Monday’s measure is the product of bipartisan negotiations and is the legislative vehicle to fund the day-to-day operations of government through Sept. 30 – and prevent a government shutdown when current funding runs out March 27.

It sets a path for government in the wake of across-the-board spending cuts that took effect March 1. In most cases the minor changes in agency budgets amount to housekeeping within a trillion-dollar cap for the day-to-day operations of agencies in the current budget year.

Senate passage seems routine and could presage an end to a mostly overlooked battle between House Republicans and Obama and his Senate Democratic allies over the annual spending bills required to fund federal operations.

The measure expands upon House Republican legislation that passed last week, adding sometimes symbolic funding and flexibility for scores of programs and challenges House Speaker John Boehner, R-Ohio, who warned Democrats last week not to load the measure up too much.

The bipartisan measure comes as Washington girds for weeks of warfare over the budget for next year and beyond as both House and Senate budget committees this week take up blueprints for the upcoming 2014 budget year.

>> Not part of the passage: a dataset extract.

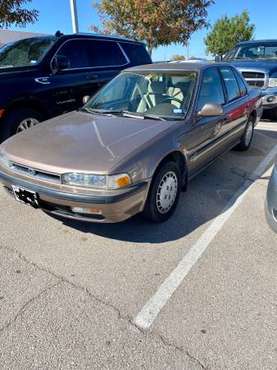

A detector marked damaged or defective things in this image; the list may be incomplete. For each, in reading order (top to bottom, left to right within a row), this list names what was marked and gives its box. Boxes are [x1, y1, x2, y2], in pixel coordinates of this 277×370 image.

crack in asphalt [0, 244, 205, 368]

The first salvo is coming from House Republicans poised to release on Tuesday a now-familiar budget featuring gestures to block “Obamacare,” turn Medicare into a voucher-like program for future retirees and curb Medicaid and domestic agency budgets. Such ideas are dead on arrival but will – in concert with taxes on the wealthy enacted in January – allow Republicans to propose a budget that would come to balance within 10 years.

Senate Democrats are countering on Wednesday with a budget plan mixing tax increases, cuts to the Pentagon and relatively modest cuts to domestic programs. The measure would not reach balance, but it would undo automatic cuts that started taking effect this month and largely leaves alone rapidly growing benefit programs like Medicare.

“We need to make sure that everybody participates in getting us to a budget that deals with our debt and our deficit responsibly,” Budget Committee Chairwoman Patty Murray, D-Wash., said Monday.

Obama’s budget is already weeks overdue but press secretary Jay Carney promised that it would “for a period of time” bring deficits below 3 percent of gross domestic product, a measure that many analysts say is sustainable without damaging the economy.

The wrap-up spending bill for the half-completed fiscal year released Monday, however, is another matter. It’s a lowest common denominator approach that gives the Pentagon much-sought relief for readiness accounts but adds money sought by Democrats like Appropriations Committee Chairwoman Barbara Mikulski, D-Md., for domestic programs.

The Senate measure would award seven Cabinet departments – including Defense, Commerce, justice, Agriculture and Veterans Affairs – with their line-by-line detailed budgets, but would leave the rest of the government running on autopilot. All domestic agencies except for Veterans Affairs would then be subject to a 5 percent across-the-board cut while the Pentagon would bear an 8 percent cut.

Mikulski needs Republican votes to pass the measure through the Senate, which Democrats control with 55 votes but where 60 votes are required for virtually all major legislation.